Internal support for technology integration can be built and maintained by first developing a keen awareness of the benefits, impacts and challenges it poses for team members, and then by deploying a solid plan for how it will be introduced. A strategic approach to both beta testing and rollout is key.
Jobsite innovations, such as state-of-the-art surveying systems and new-era building equipment, can cause variable responses from project team members and are best rolled out incrementally. While it can be tempting to lean on innovation champions – those who are open to and excited about change – it’s important to get feedback and buy-in from individuals who are more resistant to evolving workflows. Beta testing of any new software or technology should occur within a representative sample that includes all core conditions: company employees, tradespeople, subcontractors and administration. New mobile applications, for example, should be tested among teams who aren’t as savvy with computers and mobile devices.
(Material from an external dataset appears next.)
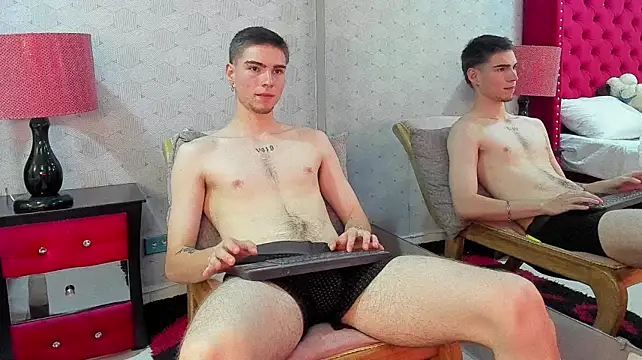 NickWild Live XXX Chat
An incremental approach to testing within a smaller sample may help build demand for new technology. Inherently, the presence of something new and exciting on the worksite can create a sense of intrigue, generating interest and questions from crewmembers, which may help pave the way for more streamlined integration and acceptance.
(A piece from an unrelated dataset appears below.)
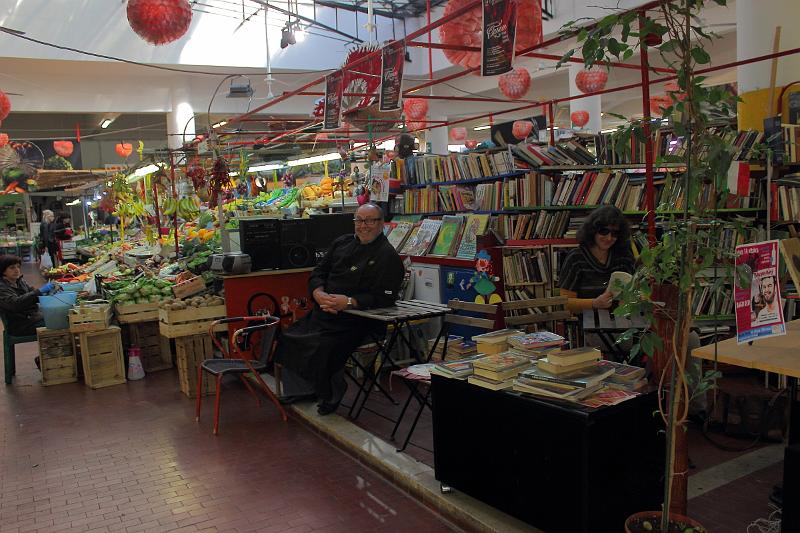 italy0453.JPG - Mercato Trieste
Finally, a strategic approach to training is key to garnering support. Platform-designed training is important but should not become a substitute for company-driven training that accounts for how the platform interacts with the contractor’s existing workflow. Further, just-in-time training that occurs in the days or weeks, as opposed to months or years, before technology is formally introduced or becomes integrated into a project, will preserve company resources and eliminate the need for retraining.
Among the biggest challenges facing general contractors is how they can most effectively align their technology objectives with those of their subcontractors. While it may seem logical to mandate participation and specify technology and software expectations into subcontracting agreements, this approach can be ineffective and formulate anxiety, which is unproductive in today’s competitive market. A flexible, more nimble approach that considers the importance of subcontractor participation within a specific SaaS based on their individual roles and responsibilities will help attract talent and ensure the GC remains a partner of choice.
The fact that technology is disrupting the construction industry is no longer in question, but how firms navigate its integration with the support of their team members remains a core concern. With an acute understanding of how company workflows function and interact with technology, combined with a sustained awareness of the impact it has on people throughout the system, this disruption can be harnessed, and everyone can benefit.
Ron Sinopoli is the chief information officer at McHugh Construction, a Chicagoland member. Sinopoli is responsible for directing McHugh’s information technology teams and facilitating the integration of current and emerging technology into McHugh’s workflow, creating efficiency and value while achieving company and client objectives.